# Logistic Regression

In this notebook, we will explore **Logistic Regression**, a classification algorithm used to predict discrete outcomes (e.g., Yes/No, Spam/Not Spam).

Unlike Linear Regression, Logistic Regression predicts probabilities using the **sigmoid function**:

\[ P(y=1|X) = \frac{1}{1 + e^{-(b_0 + b_1X)}} \]

- If probability ≥ 0.5 → predict class 1
- If probability < 0.5 → predict class 0

## 1. Importing Libraries

In [None]:
import numpy as np
import pandas as pd
import matplotlib.pyplot as plt
import seaborn as sns
from sklearn.datasets import load_breast_cancer
from sklearn.model_selection import train_test_split
from sklearn.linear_model import LogisticRegression
from sklearn.metrics import accuracy_score, confusion_matrix, classification_report

## 2. Load Dataset
We’ll use the **Breast Cancer dataset**, a binary classification dataset.

In [None]:
data = load_breast_cancer()
X = data.data
y = data.target

print("Features:", data.feature_names[:5], "...")
print("Target names:", data.target_names)
print("Dataset shape:", X.shape)

## 3. Train-Test Split

In [None]:
X_train, X_test, y_train, y_test = train_test_split(X, y, test_size=0.3, random_state=42)
print("Training set:", X_train.shape)
print("Test set:", X_test.shape)

## 4. Train Logistic Regression Model

In [None]:
log_reg = LogisticRegression(max_iter=500)
log_reg.fit(X_train, y_train)

print("Coefficients shape:", log_reg.coef_.shape)
print("Intercept:", log_reg.intercept_)

## 5. Predictions

In [None]:
y_pred = log_reg.predict(X_test)
y_prob = log_reg.predict_proba(X_test)[:10]

print("Predictions:", y_pred[:10])
print("Probabilities:\n", y_prob)

## 6. Model Evaluation

In [None]:
print("Accuracy:", accuracy_score(y_test, y_pred))
print("Classification Report:\n", classification_report(y_test, y_pred, target_names=data.target_names))

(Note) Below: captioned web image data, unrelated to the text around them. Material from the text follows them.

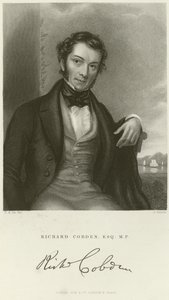 Portret van Richard Cobden door English School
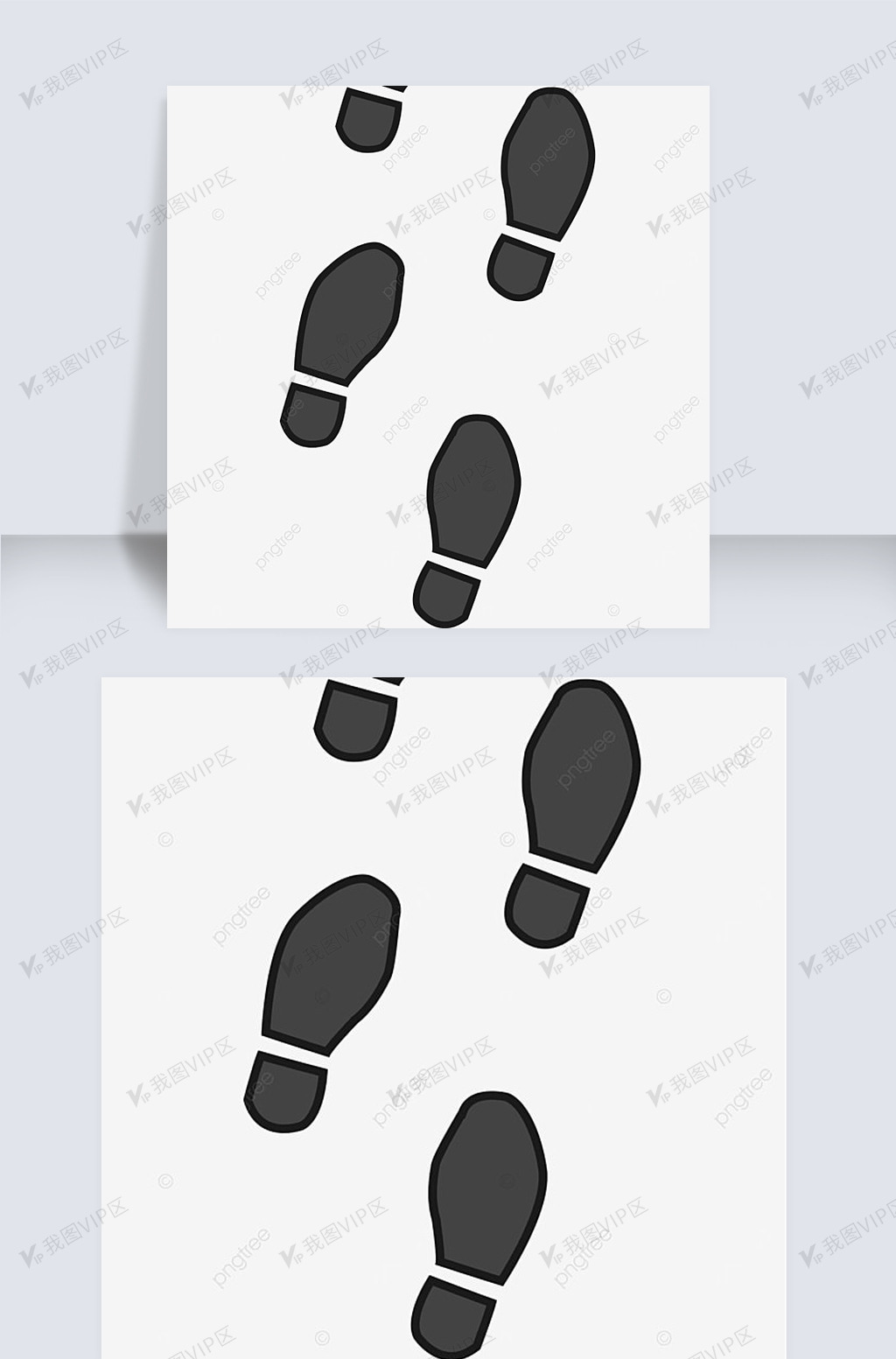 黑色行走鞋印剪贴画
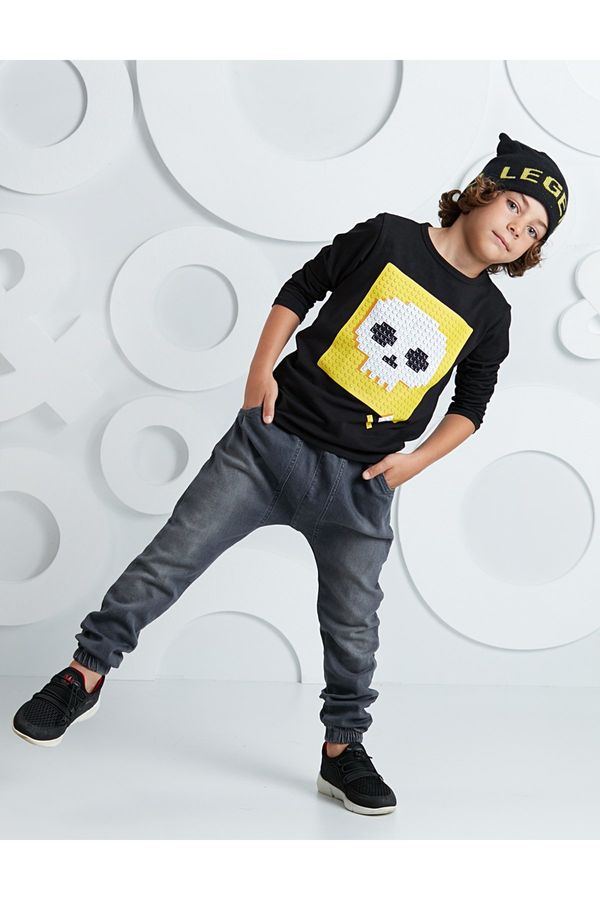mshb&g mshb&g Actor Boy T-shirt Denim Trousers Set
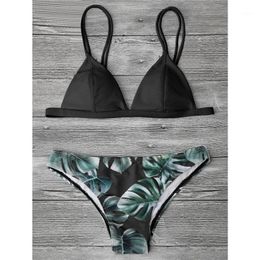 Womens Swimwear 2022 Summer Women Floral Printed Bikini Set Bandage Swimsuit Sexy Brazilian Bathing Female Beachwear Biquini 2pcs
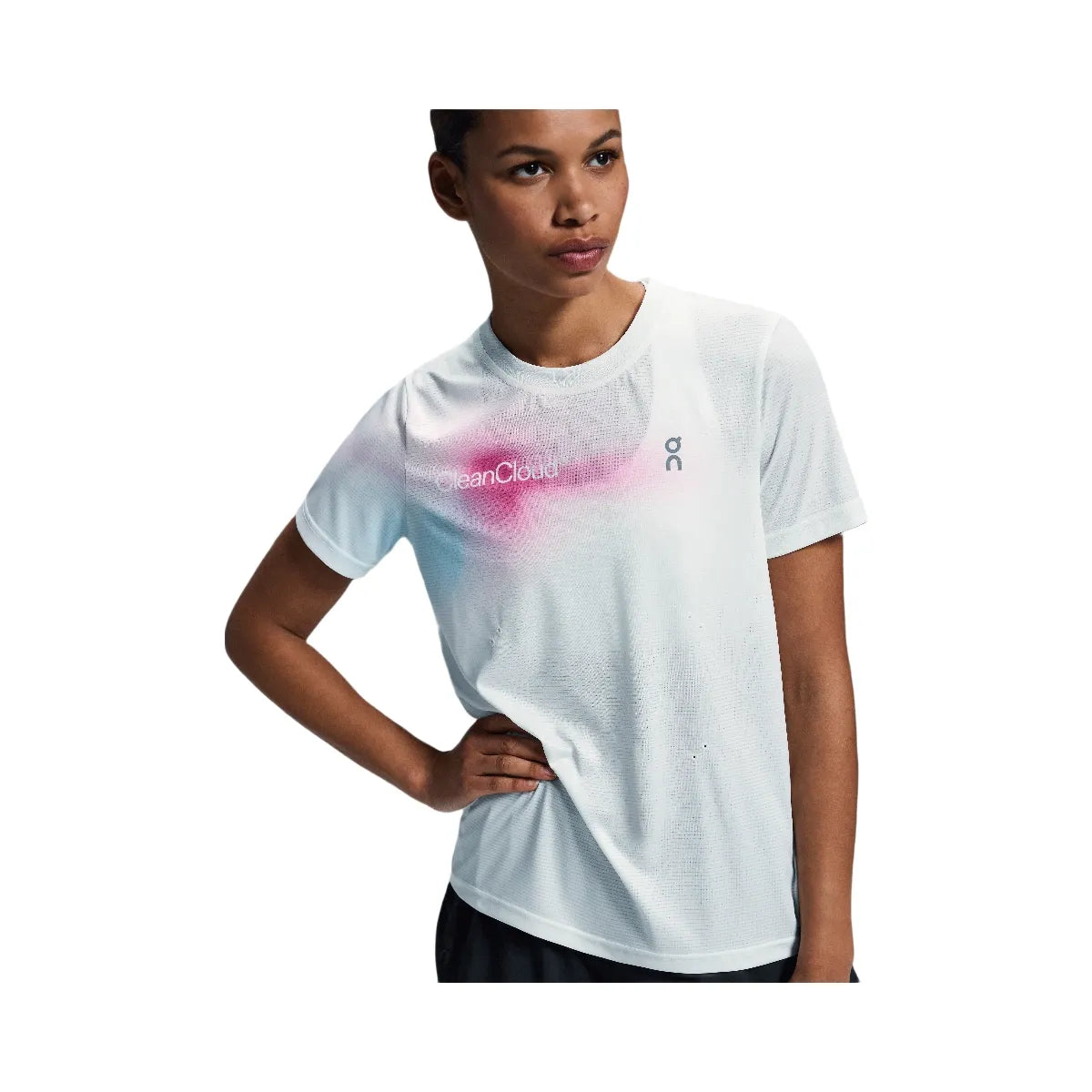 On Pace-T Undyed Pink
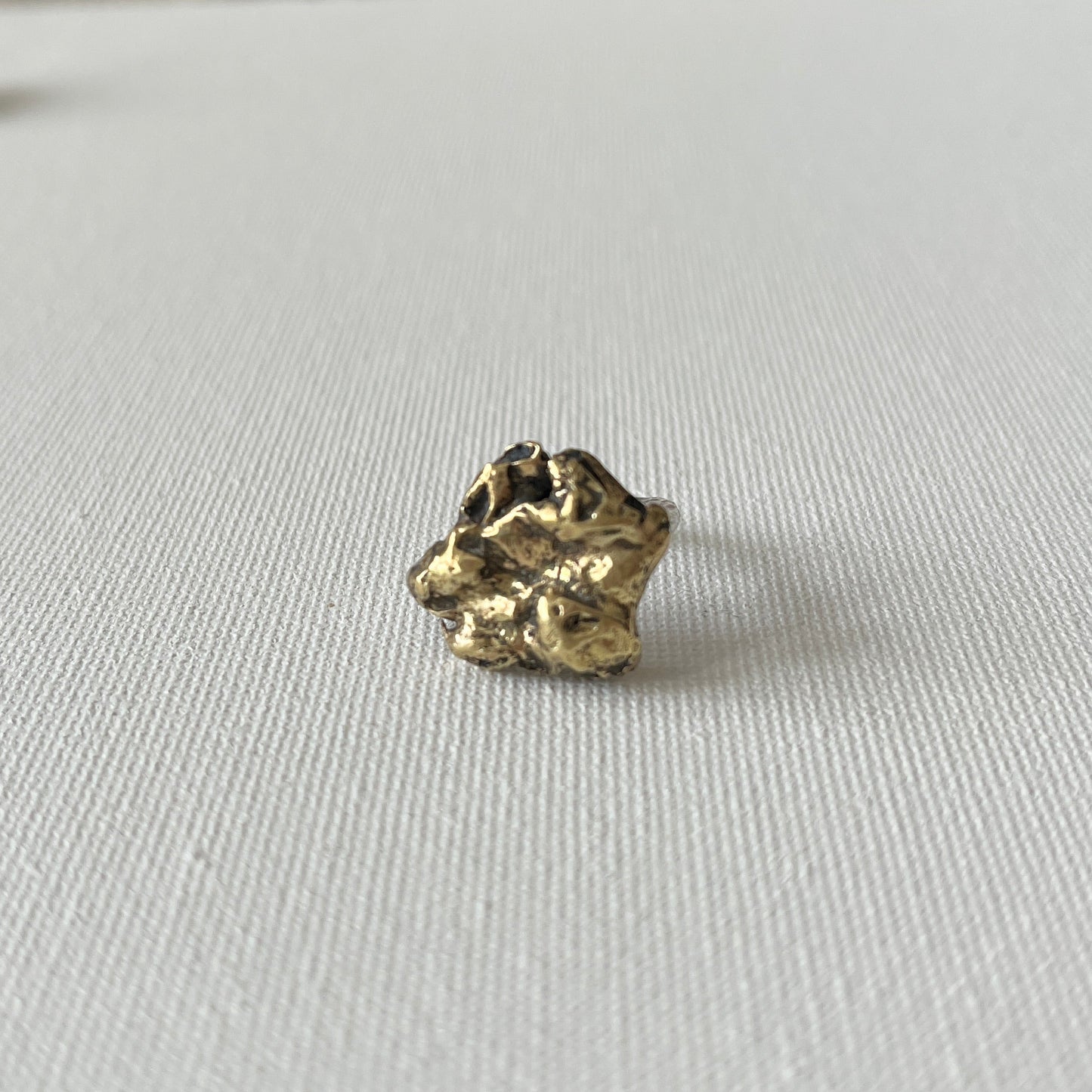 Silver Ring with Fused Brass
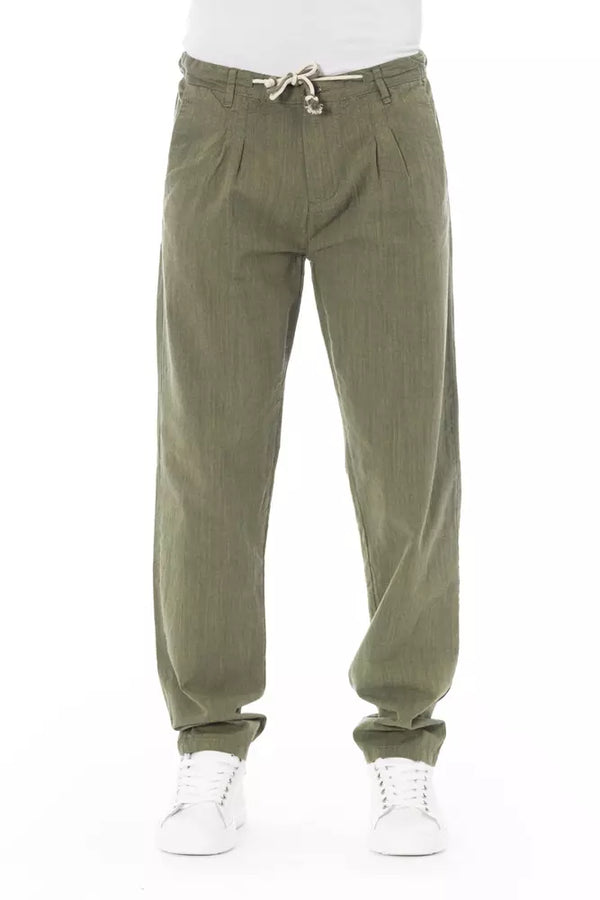 Army Cotton Men Chino Baldinini Trend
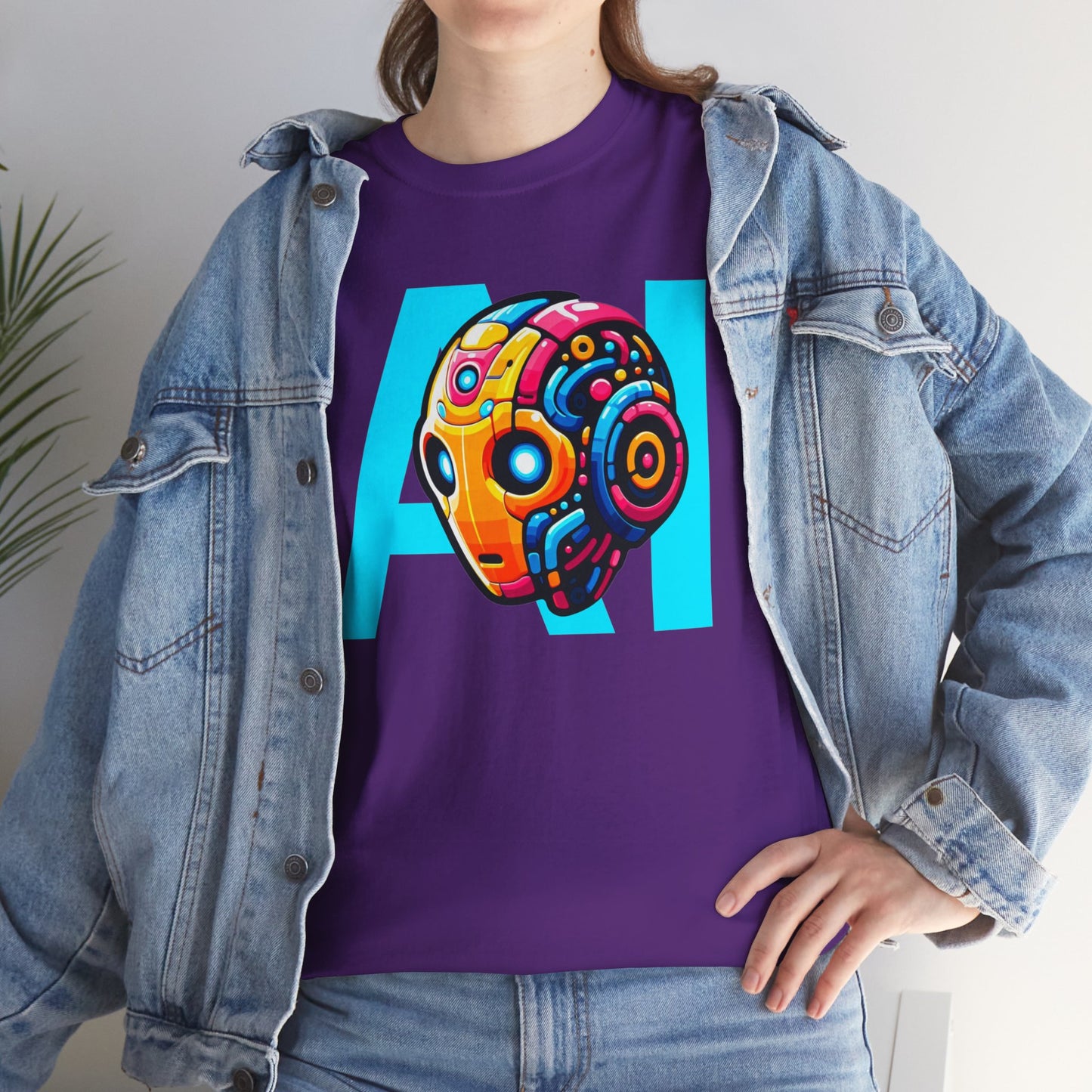 Artificial Intelligence Unisex Heavy Cotton Tee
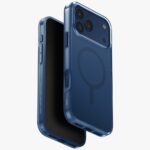 UNIQ Clario Case for iPhone 17 Pro Max Magclick Charging Blue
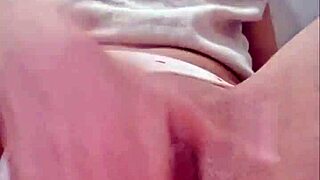 Close up of a Brazilian beauty's wet and wild solo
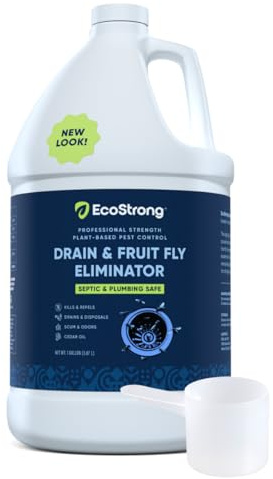 Trattamento per lo scarico della mosca della frutta, elimina moscerini, mosche e altro ancora, funziona in tutti gli scarichi, 3,5 l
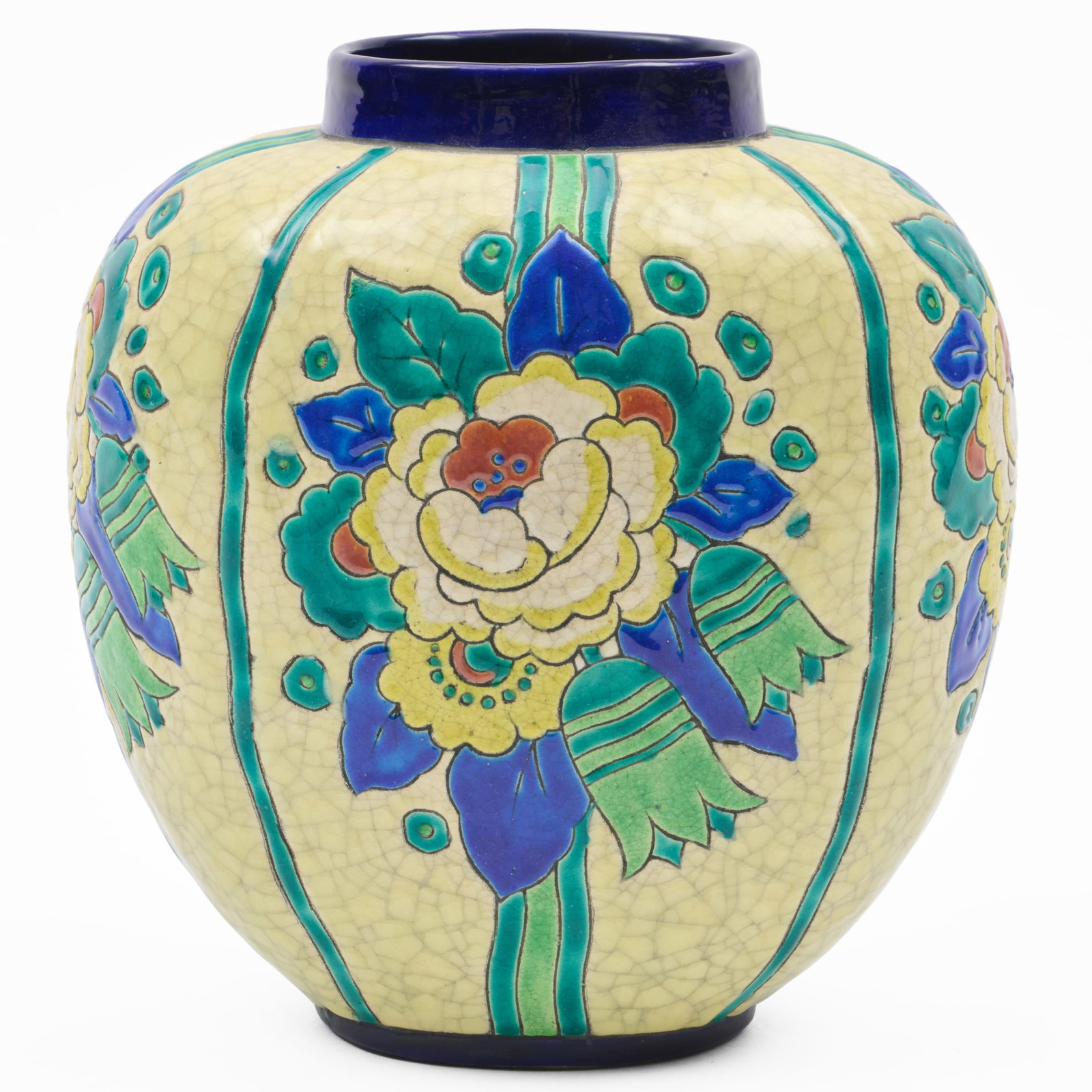 Art Deco Boch Freres Keramis Vase (1 of 7)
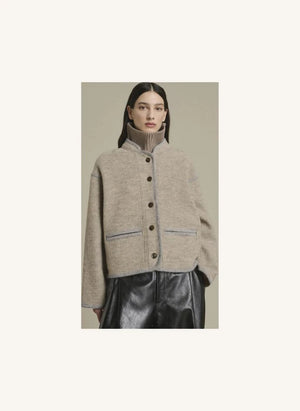 Soeur - Olympe Wool Jacket | Beige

cm = confusion_matrix(y_test, y_pred)
sns.heatmap(cm, annot=True, cmap="Blues", xticklabels=data.target_names, yticklabels=data.target_names)
plt.xlabel("Predicted")
plt.ylabel("Actual")
plt.title("Confusion Matrix")
plt.show()

## 7. Key Notes
- Logistic Regression is used for **binary and multiclass classification**.
- Outputs probabilities via the **sigmoid (binary)** or **softmax (multiclass)** function.
- Assumes linear relationship between input features and the log-odds of the outcome.
- Works well for linearly separable data.
- Evaluation metrics: Accuracy, Precision, Recall, F1-score, ROC-AUC.